--- WORK TO COMPLETE ---
When you copy the material below, keep every line exact and leave each picture out.
[RECORDED INFORMATION — start]
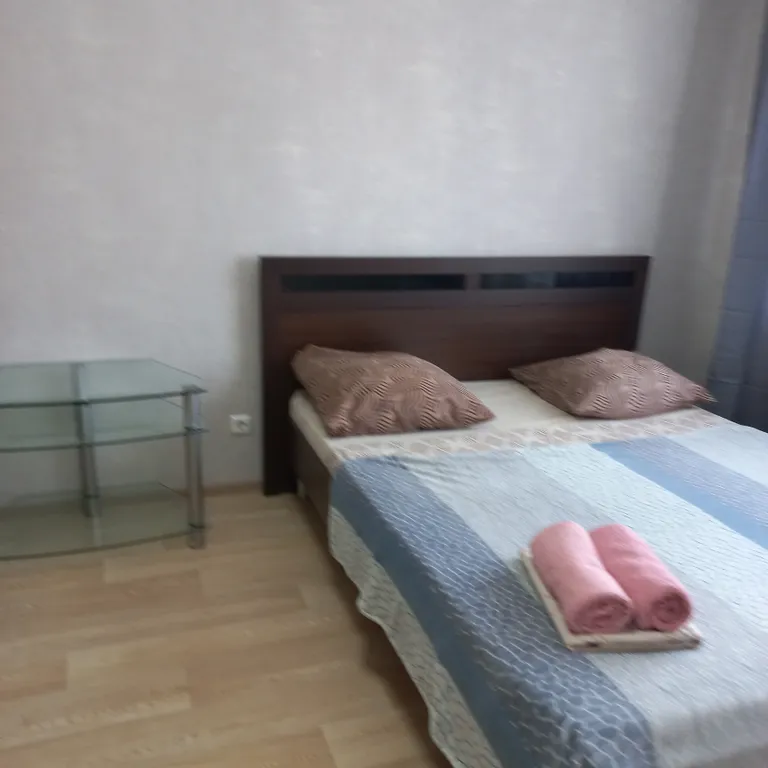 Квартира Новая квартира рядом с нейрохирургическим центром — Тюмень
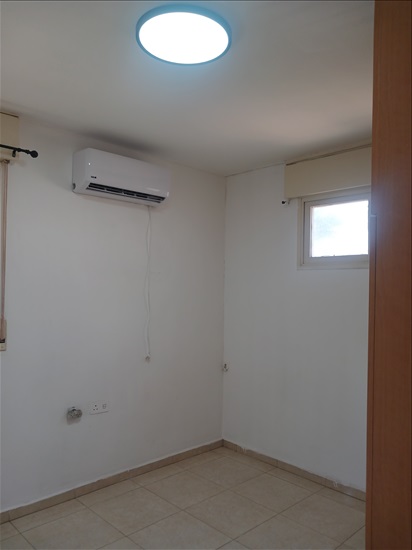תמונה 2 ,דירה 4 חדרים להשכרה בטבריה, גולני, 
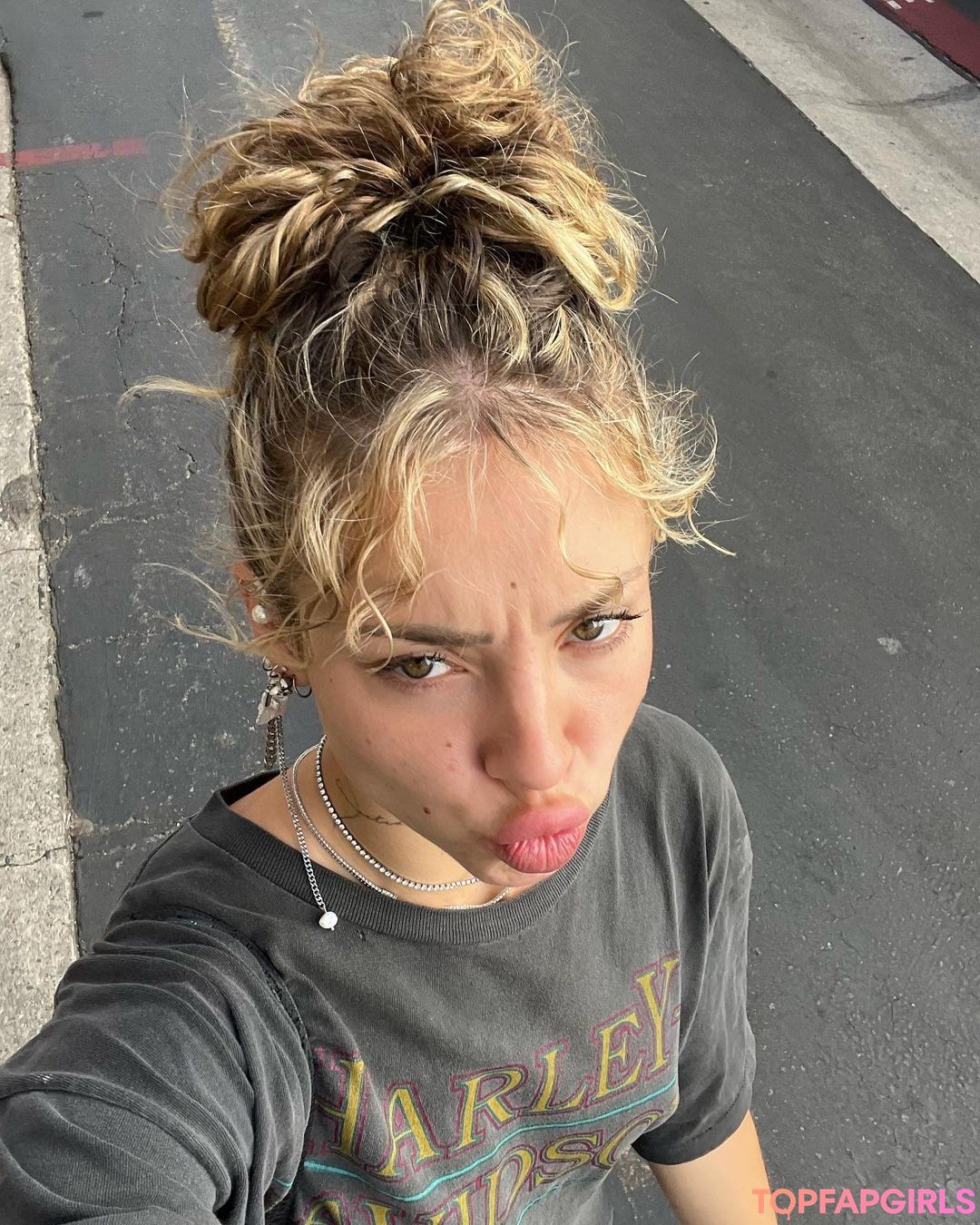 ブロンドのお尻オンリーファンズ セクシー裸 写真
[RECORDED INFORMATION — finish]
--- RESULT BELOW ---
 Квартира Новая квартира рядом с нейрохирургическим центром — Тюмень
תמונה 2 ,דירה 4 חדרים להשכרה בטבריה, גולני, 
 ブロンドのお尻オンリーファンズ セクシー裸 写真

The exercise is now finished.